Xeon E5 scores well for a hypothetical Mac Pro
I just ordered my first Xeon E5 server for Instapaper, and it’s a monster. Some Geekbench scores that I just ran: (higher is better)
- 12,076: Single Xeon E3-1270 (3.4 GHz, 4 cores). This is very similar to the CPU in the current 3.4 GHz iMac.1 If new Mac Pros arrive, this is likely to be offered as a single-CPU option.
- 20,748: Dual Xeon X5670 (2.9 GHz, 6 cores each). This is the highest-end CPU available in the current Mac Pro.2
- 30,034: Dual Xeon E5-2690 (2.9 GHz, 8 cores each). This is the new one.

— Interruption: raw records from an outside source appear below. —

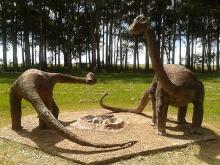 Fotografía de la representación de dos dinosaurios de cuello largo rodeando un nido. 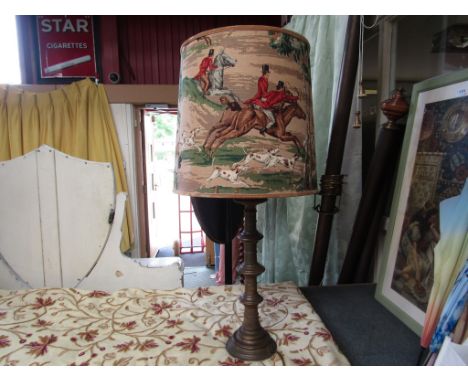 A heavy brass candlestick converted into a lamp with linen shade depicting a hunting scene of men in red jackets, horses and 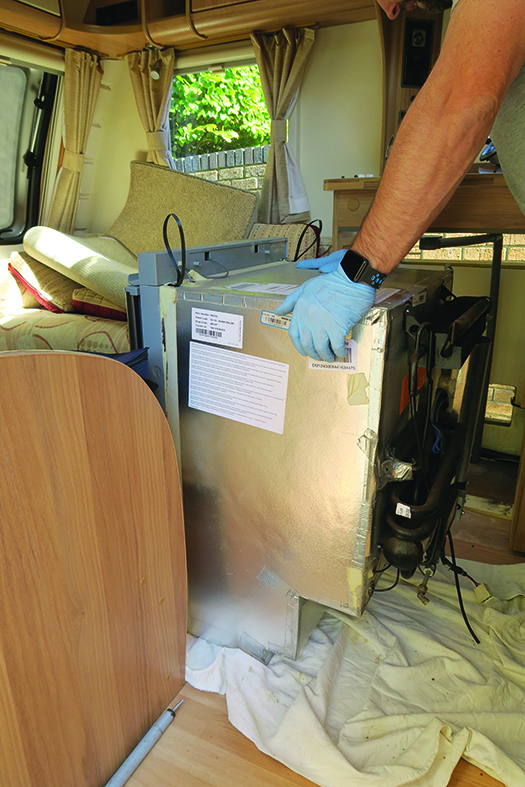 In a full service, the engineer needs to remove the fridge to access the rear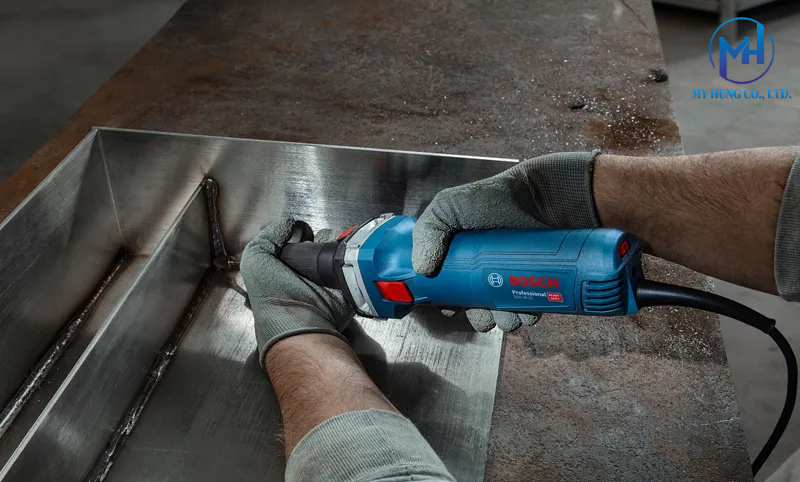 Trục cơ học thon dài và cụm nút khóa trục trên Bosch GGS 30 LS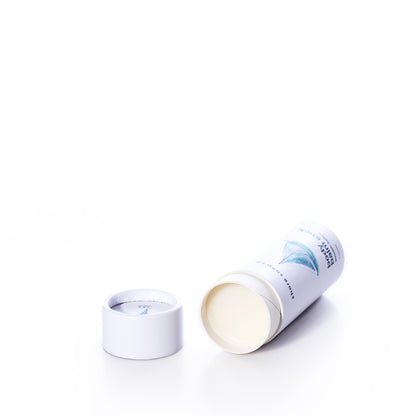 A cylindrical Smooth Sailing Eco-Friendly Body Balm Stick by Shore Soap Co, with its lid removed and lying on its side, reveals the solid pocket-sized moisturizer inside against a white background.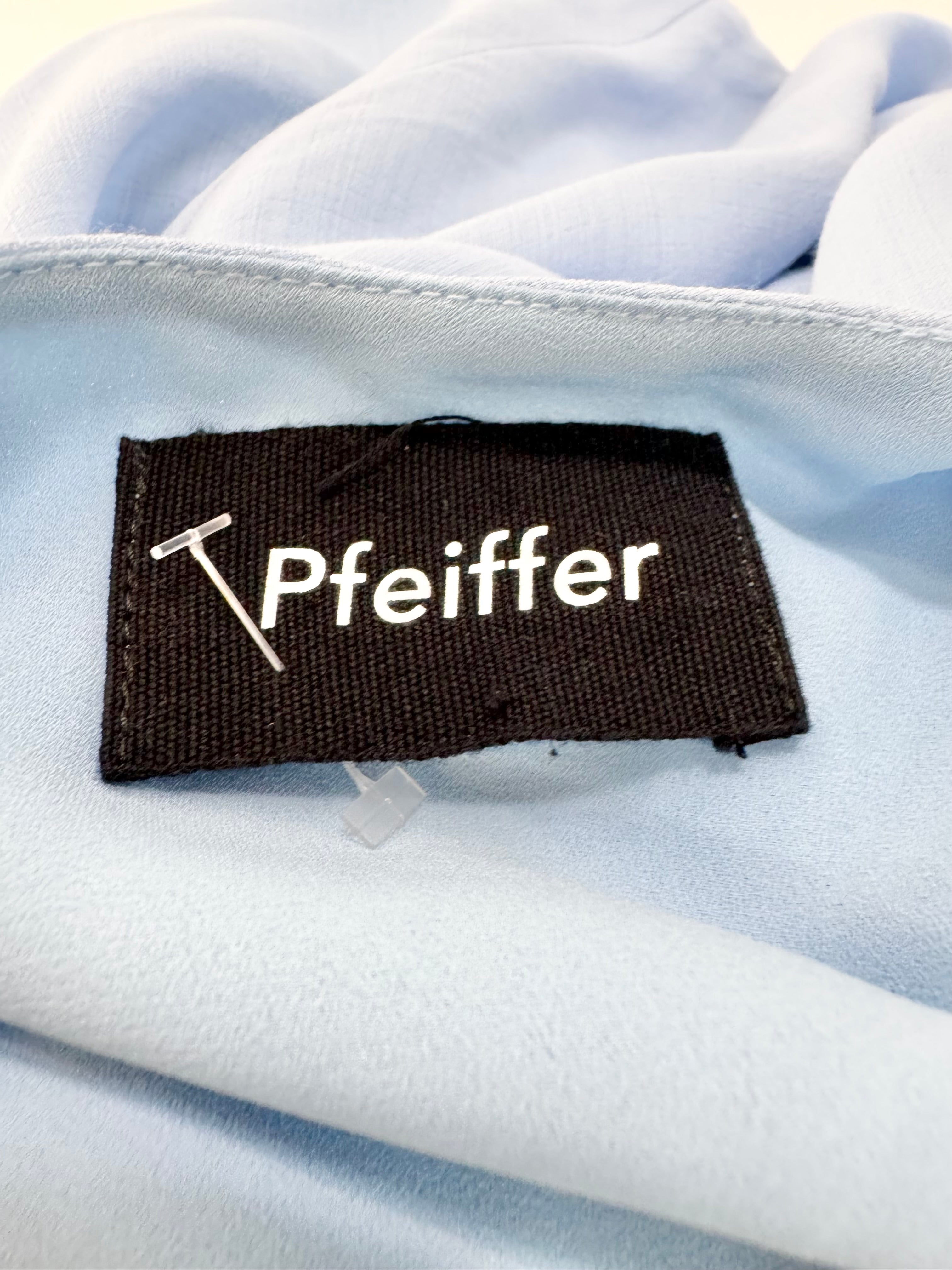 Close-up of a Pfeiffer label on a light blue fabric background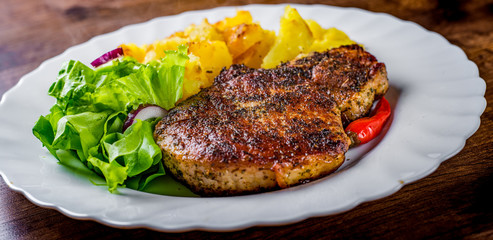 Pork Loin chops marinated meat Steak with vegetables slad and potato on wooden table background
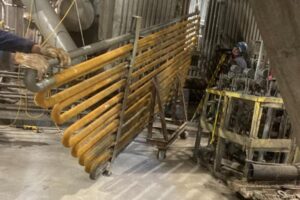 Worker handling a large rusted heat exchanger coil inside an industrial facility during maintenance work.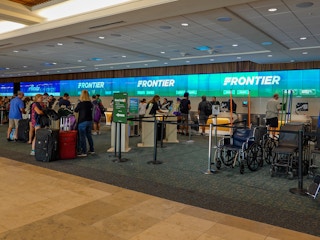 People standing near the check-in desks for Frontier in the airport.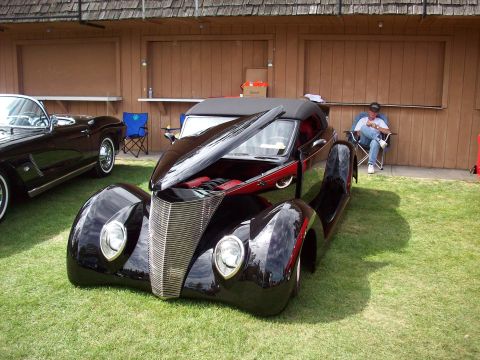 1997 Ford Mustang - A custom hot rod is displayed with its hood open, parked on grass beside another vehicle.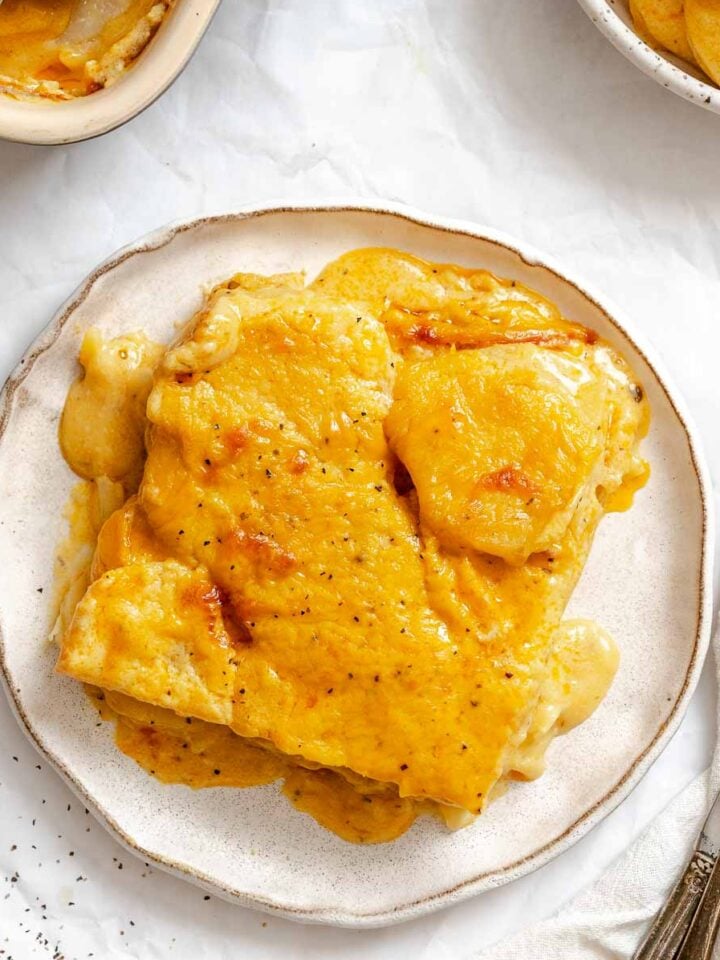 Completed Vegan Scalloped Potatoes on a plate on a white surface.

Wow.
No synthetic benchmark is truly representative of exactly what you do on a computer, but they’re usually good to approximate relative performance between CPUs.
I ran these all on Linux, which tends to score lower on Geekbench than the same processors in OS X. I suspect the dual E5-2690s in OS X might score around 36,000. (By comparison, in OS X, the current top-of-the-line dual X5670 Mac Pro scores about 24,000 and the 3.4 GHz iMac scores about 12,500.)
An E5-2690 currently costs about $2,000. So if Apple offers two of these as the high-end CPU option on a Mac Pro, it wouldn’t surprise me to see a price tag in the $6,000 range. (Don’t just blame Apple for the Mac Pro’s high price.) But there are lower-clocked, lower-cost E5s that could be very attractive in midrange Mac Pros.